As the film shows, a lot of people found the band scary. But a lot of people found them inspiring, too. And I’m one of them, which is why I wanted to see the film.
There were lots of inspirational quotes in the film – about not giving a fuck, about not being invisible: things that still matter. But there was also a problem.
The film feels like a TV documentary rather than one made for the cinema. And like most TV music documentaries, it starts off with various voices summarising the themes of the film. Some female voices and some male ones. It made me cross from the start. Couldn’t we just have had women, to start off with? Surely you can tell viewers why the Slits were important without them having to be validated by men? Even the flyer for the screening has two quotes from men and just one from a woman.
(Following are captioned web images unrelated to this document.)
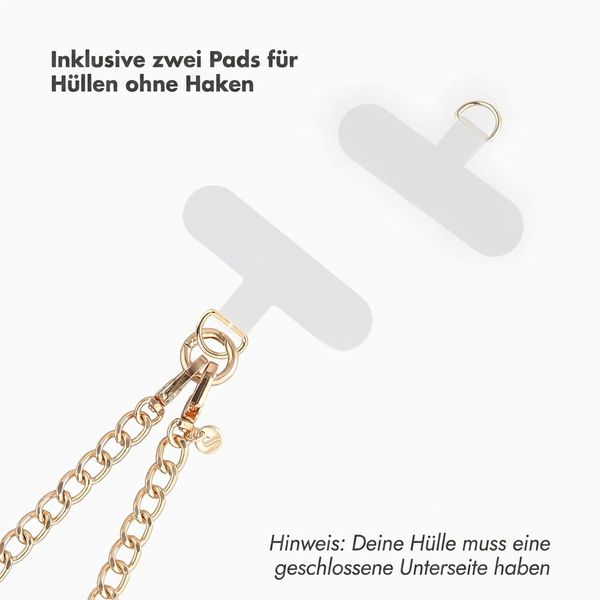 Selencia Rivièra MagSafe Backcover mit abnehmbaren Haken für das Apple iPhone 15 - Powder Blue + Bold Chain (130 cm) - Gold
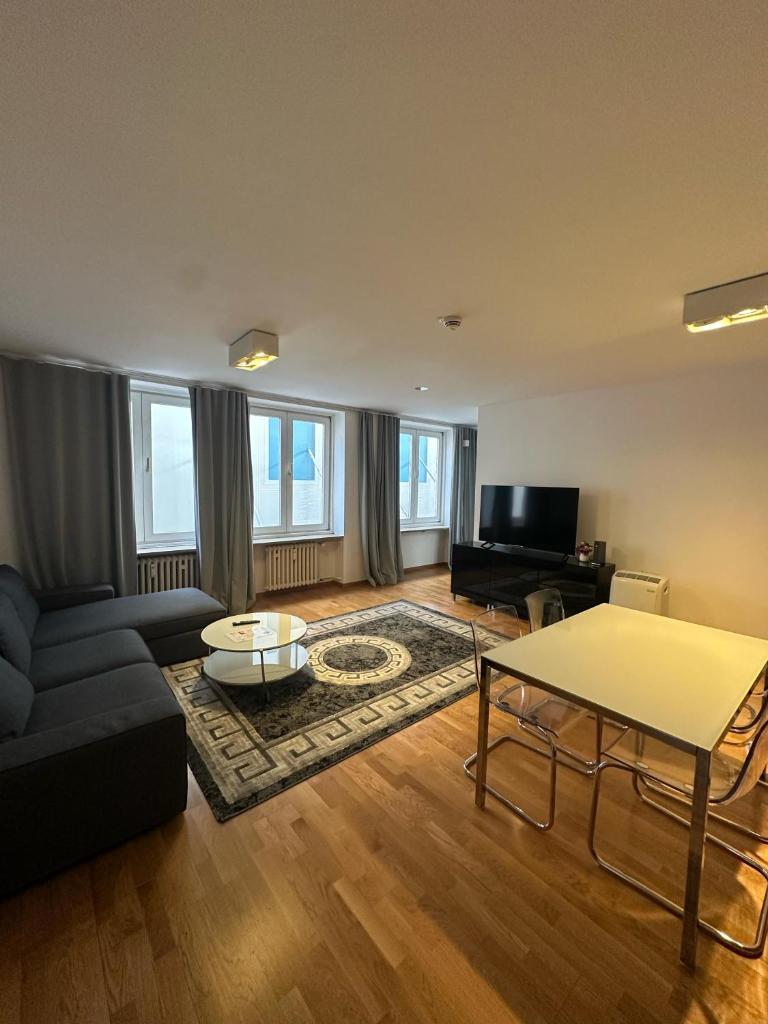 Al Nafurah Apartments 6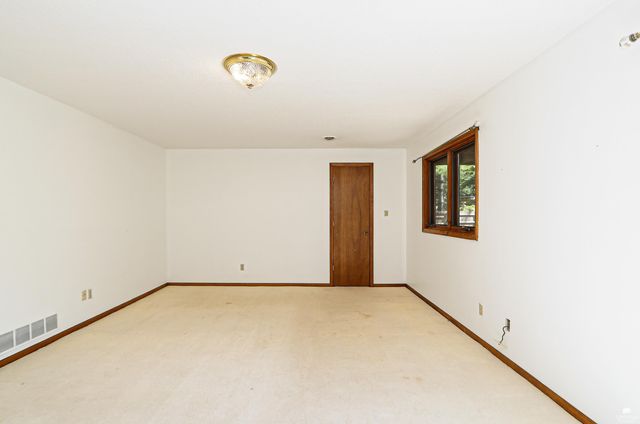 1903 Crescent Drive, Manhattan, KS 66503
“I don’t hate men,” said Slits bassist Tessa Pollitt when I raised this at the Q&A afterwards. I don’t either – I’m married to one and he even came along to the film (although he didn’t like it). But I hate being told by men what to think (and I really don’t want to watch another music documentary that’s got Don Letts mansplaining punk). All the other music documentaries have men being “experts”. It would be nice seeing as this is about women not to do that, just for once.
There was lots to like though: the atmosphere of fun and fearlessness, being a gang, daring to be different. The enormous “WTF” effect of women doing what the Slits did in the context of the sexist 70s and the sexist music business. The outrageousness of their sound, their look, their behaviour: defying any kind of convention including those of the punk movement itself. If you didn’t know about the band before, it would be real eye-opener: you just have to watch the trailer to be amazed.
The film is a mixture of band footage – bad quality footage of the punk days, better quality from the reunion tours – and current-day interviews with Tessa Pollitt, Viv Albertine and Palmolive. There are also contributions from previous members of the band – the female founders, the men who joined later – and other people (like Don Letts, Dennis Bovell and Vivien Goldman) who were also part of the story.
Sadly there are no interviews with singer Ari Up, whose death dominates the latter part of the story and whose personality dominates throughout. But her presence is very much there. And her attitude – being brave, being yourself, not caring what people think – typifies the reasons the Slits still matter. Forty years ago, I wanted to be in their gang. I still want to be in it now.